Arizona Senate Bill 1271 was signed in to law on April 10, 2019. The Bill amends various parts of Arizona’s Purchaser Dwelling Act.[1] For those who practice in the area of construction law, and particular construction defect litigation, a review of the amendments and new sections is essential as many of the previous parts of the Act have changed. This blog will focus on a limited section of the Act that impacts additional insured coverage.
First and foremost, the Act applies to both contractors as well as design professionals and specifically broadly defines “Architect-Engineer Professional Service Contract” as used within the Act. With respect to contractual indemnification, the Arizona Legislature declared that a contract that “[p]urports to insure, to indemnify or to hold harmless the promisee from or against liability for loss or damage is against public policy of this state and is void only to the extent that it purports to insure, to indemnify or to hold harmless the promisee from or against liability or loss or damage resulting from the negligence of the promise or the promisee’s indemnitees, employees, subcontractors, consultants or agents other than the promisor.” The amendment to the Act, in the context of dwellings, is a change from the existing Arizona Anti-Indemnity Statute that made void indemnity for sole negligence and willful misconduct. The consequence of this modification in the scope of permissible indemnity is that for purposes of this Act, there never is an agreement where the indemnitor will accept the tort liability of the indemnitee. From a coverage perspective, this is significant because none of these indemnity agreements should qualify as an "insured contract" as used in exception f. of the standard CGL exclusion b.

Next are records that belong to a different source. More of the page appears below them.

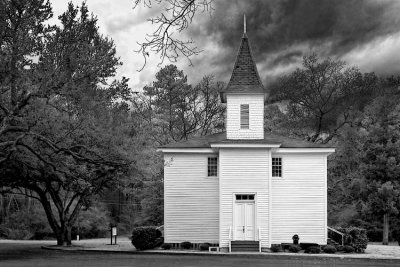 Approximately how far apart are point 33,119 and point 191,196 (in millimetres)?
12990

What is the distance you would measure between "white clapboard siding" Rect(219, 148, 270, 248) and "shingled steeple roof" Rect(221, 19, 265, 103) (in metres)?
3.97

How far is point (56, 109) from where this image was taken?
2831 cm

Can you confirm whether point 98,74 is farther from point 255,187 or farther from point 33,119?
point 255,187

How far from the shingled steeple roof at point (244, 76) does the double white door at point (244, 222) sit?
6959 mm

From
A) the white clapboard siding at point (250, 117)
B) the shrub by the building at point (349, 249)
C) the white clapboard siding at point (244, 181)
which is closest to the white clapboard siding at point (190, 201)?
the white clapboard siding at point (244, 181)

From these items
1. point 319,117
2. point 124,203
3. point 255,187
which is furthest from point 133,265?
point 124,203

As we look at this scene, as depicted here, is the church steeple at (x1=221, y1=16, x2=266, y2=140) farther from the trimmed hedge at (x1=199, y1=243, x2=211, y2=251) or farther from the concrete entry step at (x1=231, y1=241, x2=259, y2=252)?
the trimmed hedge at (x1=199, y1=243, x2=211, y2=251)

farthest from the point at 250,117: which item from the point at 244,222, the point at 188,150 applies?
the point at 244,222

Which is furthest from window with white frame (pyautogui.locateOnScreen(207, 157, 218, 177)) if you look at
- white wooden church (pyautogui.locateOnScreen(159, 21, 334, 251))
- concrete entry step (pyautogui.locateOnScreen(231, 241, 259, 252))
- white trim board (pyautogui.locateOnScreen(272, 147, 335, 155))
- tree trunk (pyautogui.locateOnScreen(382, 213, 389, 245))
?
tree trunk (pyautogui.locateOnScreen(382, 213, 389, 245))

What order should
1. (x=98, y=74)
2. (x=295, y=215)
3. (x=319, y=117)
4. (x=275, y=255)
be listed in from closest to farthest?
(x=98, y=74)
(x=275, y=255)
(x=295, y=215)
(x=319, y=117)

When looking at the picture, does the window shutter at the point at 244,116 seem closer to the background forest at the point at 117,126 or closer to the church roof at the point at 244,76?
the church roof at the point at 244,76

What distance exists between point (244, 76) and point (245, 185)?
716 centimetres

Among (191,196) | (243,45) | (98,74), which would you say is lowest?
(191,196)

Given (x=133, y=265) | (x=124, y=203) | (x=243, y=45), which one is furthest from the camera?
(x=124, y=203) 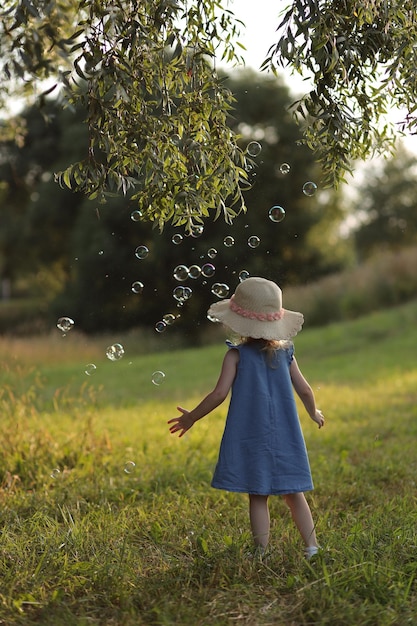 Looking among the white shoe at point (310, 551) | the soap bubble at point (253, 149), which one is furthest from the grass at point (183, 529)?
the soap bubble at point (253, 149)

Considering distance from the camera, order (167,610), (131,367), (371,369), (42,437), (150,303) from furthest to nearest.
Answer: (150,303) < (131,367) < (371,369) < (42,437) < (167,610)

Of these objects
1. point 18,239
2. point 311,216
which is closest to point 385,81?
point 311,216

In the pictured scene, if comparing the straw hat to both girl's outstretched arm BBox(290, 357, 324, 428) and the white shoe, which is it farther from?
the white shoe

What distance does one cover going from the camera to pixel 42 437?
6414 millimetres

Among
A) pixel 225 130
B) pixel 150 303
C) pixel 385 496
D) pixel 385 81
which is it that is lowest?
pixel 385 496

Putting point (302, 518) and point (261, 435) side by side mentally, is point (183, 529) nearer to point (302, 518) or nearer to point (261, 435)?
point (302, 518)

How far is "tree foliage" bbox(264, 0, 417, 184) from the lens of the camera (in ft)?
12.7

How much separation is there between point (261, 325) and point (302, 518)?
102 centimetres

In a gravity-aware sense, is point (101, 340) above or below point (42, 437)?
above

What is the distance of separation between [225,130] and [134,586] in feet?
8.07

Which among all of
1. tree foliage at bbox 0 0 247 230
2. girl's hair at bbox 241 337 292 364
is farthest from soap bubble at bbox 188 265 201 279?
girl's hair at bbox 241 337 292 364

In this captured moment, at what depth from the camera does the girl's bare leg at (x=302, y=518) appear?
3.97 meters

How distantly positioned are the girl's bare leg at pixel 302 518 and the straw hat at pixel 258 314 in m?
0.84

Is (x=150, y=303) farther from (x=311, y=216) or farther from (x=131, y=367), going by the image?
(x=131, y=367) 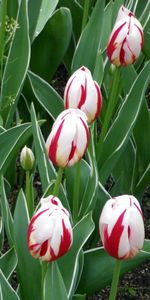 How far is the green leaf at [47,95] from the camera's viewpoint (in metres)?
1.74

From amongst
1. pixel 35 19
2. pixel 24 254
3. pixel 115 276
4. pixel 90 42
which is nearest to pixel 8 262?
pixel 24 254

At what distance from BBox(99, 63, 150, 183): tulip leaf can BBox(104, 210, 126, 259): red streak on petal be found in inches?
24.2

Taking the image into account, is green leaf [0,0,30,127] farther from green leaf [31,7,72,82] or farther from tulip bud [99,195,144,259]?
tulip bud [99,195,144,259]

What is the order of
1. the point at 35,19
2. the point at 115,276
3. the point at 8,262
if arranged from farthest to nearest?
1. the point at 35,19
2. the point at 8,262
3. the point at 115,276

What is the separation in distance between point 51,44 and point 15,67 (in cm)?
26

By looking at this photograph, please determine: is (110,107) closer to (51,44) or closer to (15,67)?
(15,67)

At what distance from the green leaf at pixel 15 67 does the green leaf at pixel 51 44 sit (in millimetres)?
203

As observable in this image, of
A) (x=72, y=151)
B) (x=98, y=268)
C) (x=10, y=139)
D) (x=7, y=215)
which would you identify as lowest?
(x=98, y=268)

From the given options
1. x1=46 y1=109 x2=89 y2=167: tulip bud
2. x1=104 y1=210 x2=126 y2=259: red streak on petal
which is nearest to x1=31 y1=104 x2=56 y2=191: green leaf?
x1=46 y1=109 x2=89 y2=167: tulip bud

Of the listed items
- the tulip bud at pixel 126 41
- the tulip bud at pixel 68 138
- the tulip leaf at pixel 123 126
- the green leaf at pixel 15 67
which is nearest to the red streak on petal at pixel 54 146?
the tulip bud at pixel 68 138

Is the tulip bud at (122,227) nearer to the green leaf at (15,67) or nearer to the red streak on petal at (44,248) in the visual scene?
the red streak on petal at (44,248)

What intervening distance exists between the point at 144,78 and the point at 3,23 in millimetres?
331

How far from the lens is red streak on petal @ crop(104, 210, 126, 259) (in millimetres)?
961

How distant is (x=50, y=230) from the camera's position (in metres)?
0.96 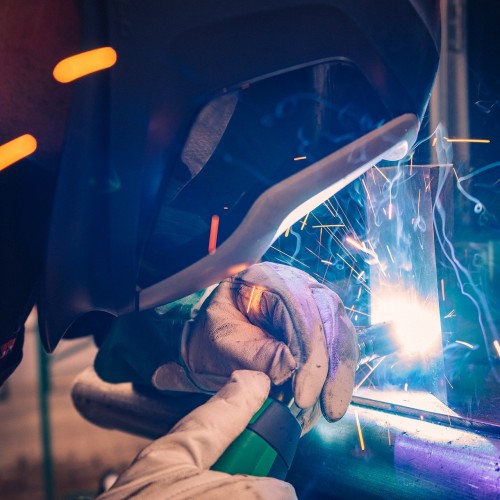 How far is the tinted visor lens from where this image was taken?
693 millimetres

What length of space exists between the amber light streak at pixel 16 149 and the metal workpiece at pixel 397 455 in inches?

In the context of additional insurance, the amendment to the Act now states that “[a]ny additional insured endorsement furnished pursuant to an agreement or collateral to a construction contract involving a dwelling does not obligate the insurer to indemnify the additional insured for the percentage of fault that is allocated to the additional insured. This subsection does not limit an insurer’s duty to defend an additional insured pursuant to the terms and conditions of an additional insured endorsement.” What is interesting about circumstances where the Act may apply, is that traditional additional insured endorsements offering coverage for damages “arising out of” or “caused in whole or in part”, are now statutorily limited to only providing an additional insured indemnity caused directly by the named insured.
Attorneys practicing either construction law or insurance coverage in Arizona, when confronted with a claim of professional negligence or general liability in the construction setting, should first analyze whether the claim involves a "dwelling" which falls within the Act. Unlike other construction settings such as public or commercial, this Act has serious implications from a procedural standpoint (not discussed in this blog), as well as risk spreading through express indemnity and additional insurance.
[1] Specifically, it amends A.R.S. § 12-1362 and § 12-1363, adding § 12-1364, and modifying Arizona’s existing Anti-Indemnity statute A.R.S. § 32-1159, by adding A.R.S. § 32-1159.01 applied to dwelling construction contracts.